Di tengah tekanan dan ekspektasi, penggemar Barcelona tetap setia memberikan dukungan mereka, sebuah bukti bahwa hubungan antara klub dan penggemar adalah hal yang tak ternilai.
Barcelona juga harus belajar dari kesalahan masa lalu. Ketergantungan pada pemain bintang yang mahal dan pengeluaran yang tidak terkendali telah membawa mereka pada situasi ini.
Kini saatnya untuk kembali ke prinsip dasar, yakni membangun tim yang solid dan berkelanjutan. La Masia, dengan segala potensinya, bisa menjadi solusi jangka panjang.
Semoga saja, pada akhirnya, Barcelona berhasil menemukan pelabuhan kemenangan yang mereka dambakan. Dalam sepak bola, seperti halnya dalam hidup, perjuangan adalah bagian dari cerita yang membuat kemenangan menjadi lebih berarti.
Di tengah badai, harapan dan kerja keras serta belajar dari kesalahan pengelolaan finansial adalah hal yang akan membawa kapal ini menuju tujuan akhir, kemenangan.
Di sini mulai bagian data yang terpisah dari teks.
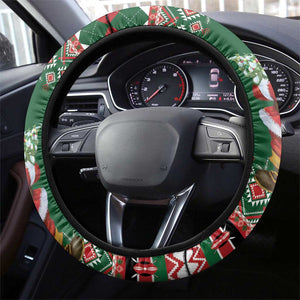 Afro Kenya Christmas Steering Wheel Cover African Santa -  Folk Pattern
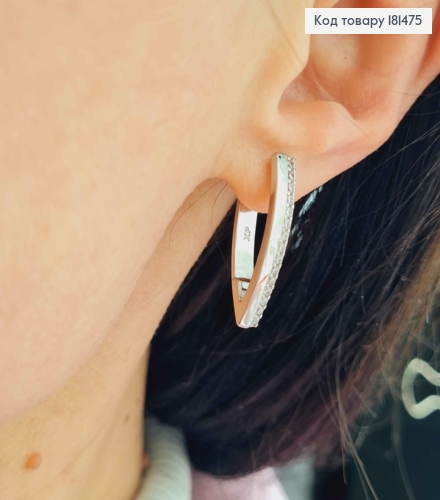 Сережки родовані стріли, з Блискучими камінцями в один рядок, 2,5см, англ застібка, Xuping 181475 фото 2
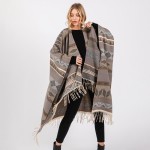 Wholesale soft Knit Geometric Western Print Ruana Tassels One Fits Most Polyeste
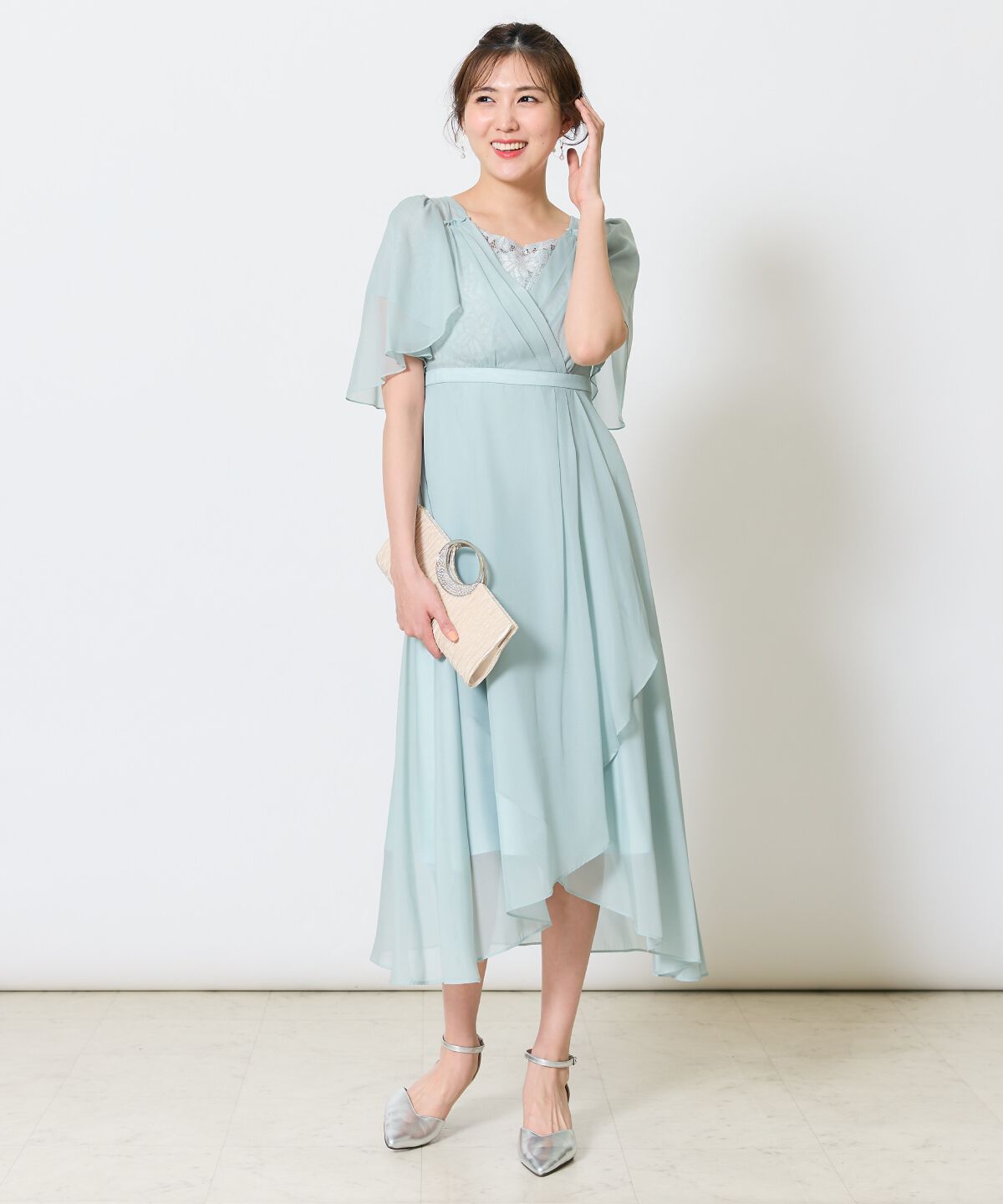 アンドクチュール「カシュクールレースレイヤードドレス」|ドレス|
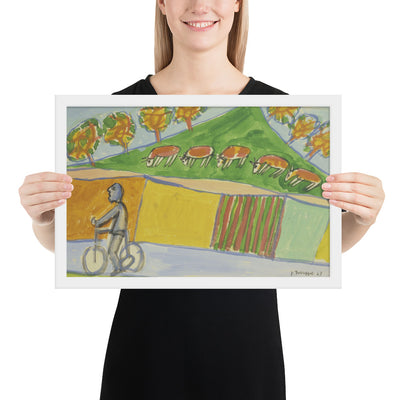 Cyclist with Five Cows by Jean Dubuffet, Framed poster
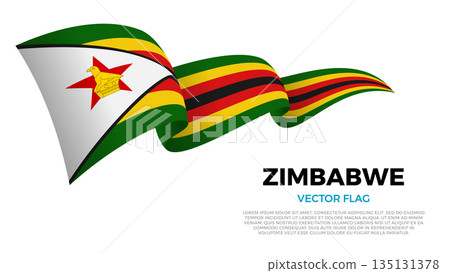 Flag of Zimbabwe. Zimbabwean and South African Culture. Shining flag with realistic shadows waving in three layers. The elegant curves and realistic shading create a sense of motion Flag of Zimbabwe. Zimbabwean and South African Culture. Shining flag with realistic shadows waving in three layers. The elegant curves and realistic shading create a sense of motion 135131378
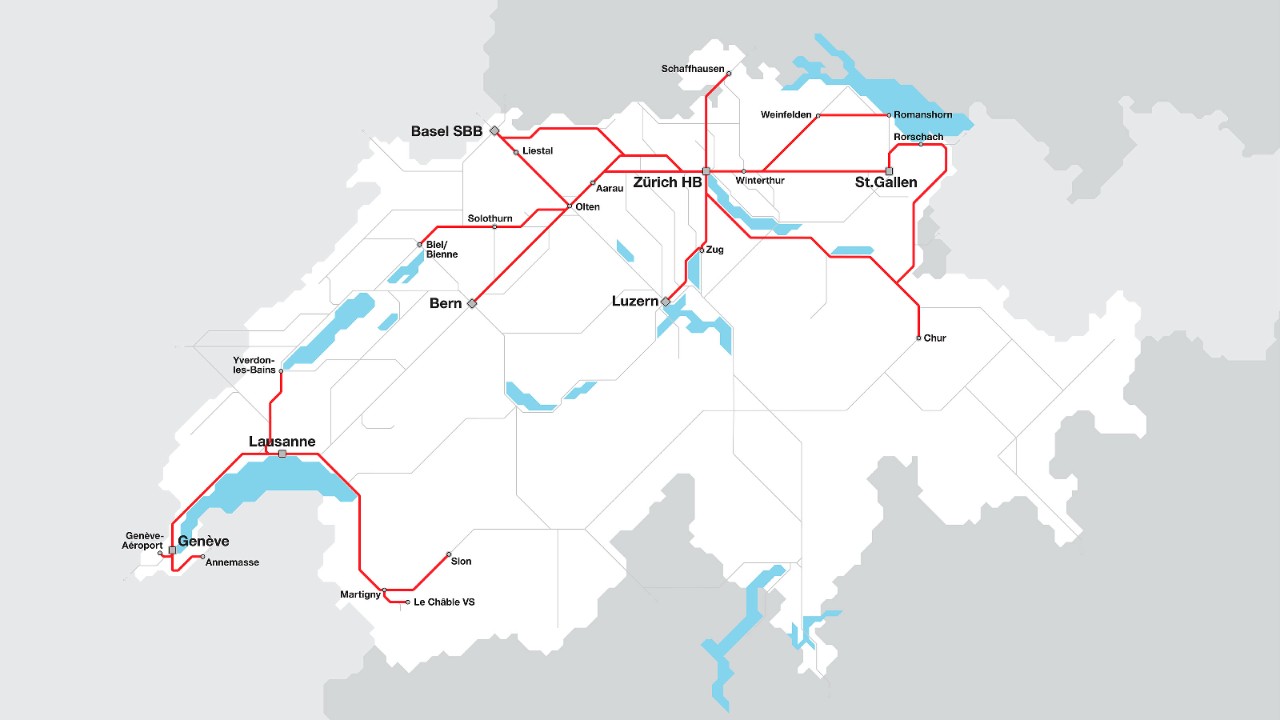 Le duplex IR sillonne la région Zurich/Mittelland, la Suisse romande et le nord de la Suisse. Il assure également la liaison entre Zurich et Coire. 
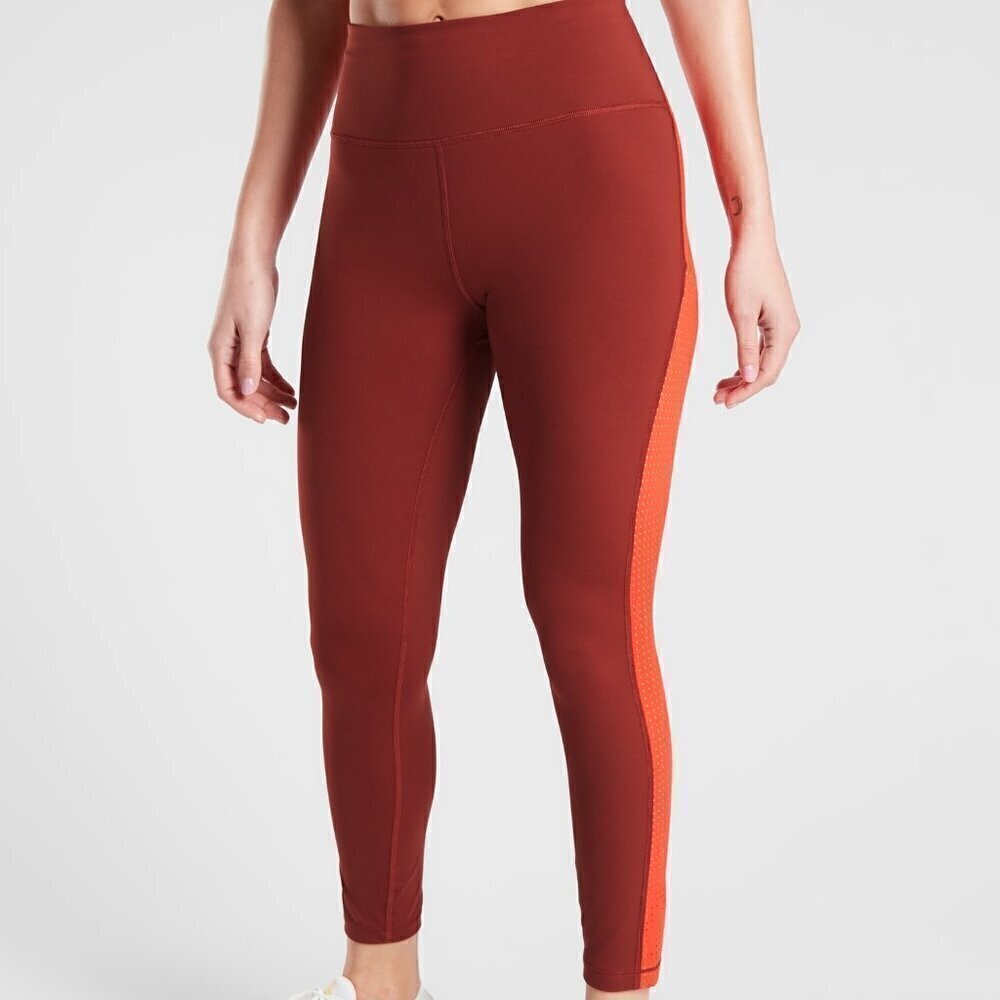 ATHLETA ULTIMATE STASH POCKET COLORBLOCK 7/8 TIGHT  Mesh Stretch Nylon Women S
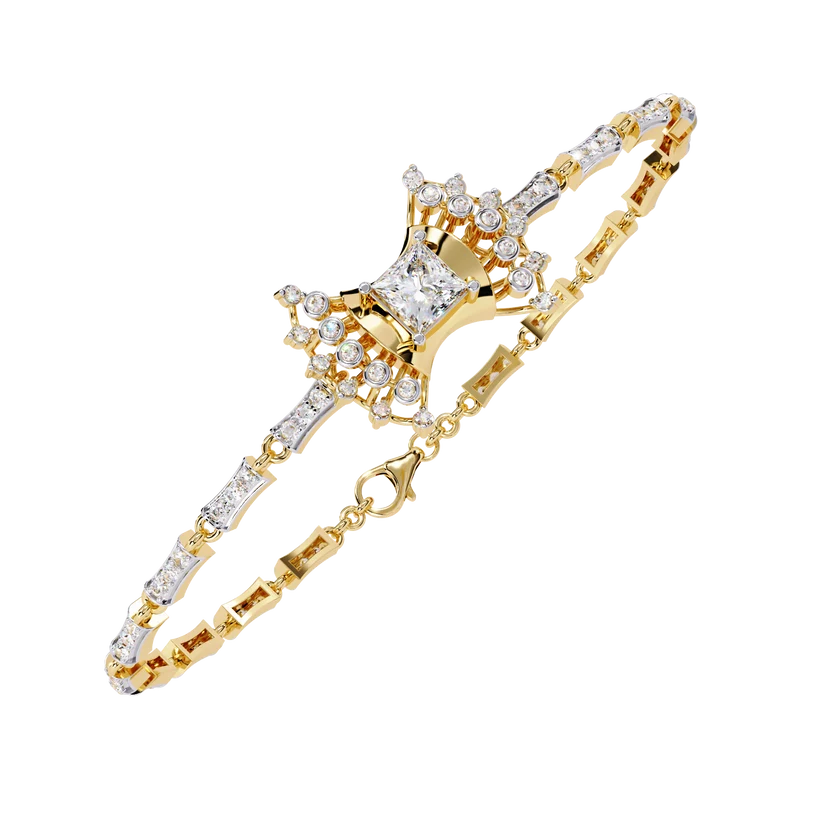 Celestial Princess-Cut Diamond Statement Bracelet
Dan ketika pelabuhan kemenangan itu akhirnya tercapai, semua perjuangan dan catatan pelik perjuangannya akan terasa sepadan. Demikian pun hidup, akan terasa lebih berarti bila ada tantangan dalam setiap proses melakoninya.
Barca adalah kita, dan lautan tantangannya adalah kehidupan yang tak luput dari chaos tanpa akhir, seperti sabda Nietzche, kapal-kapal menempuh segala resiko, Barca dan saya, mungkin anda pun demikian.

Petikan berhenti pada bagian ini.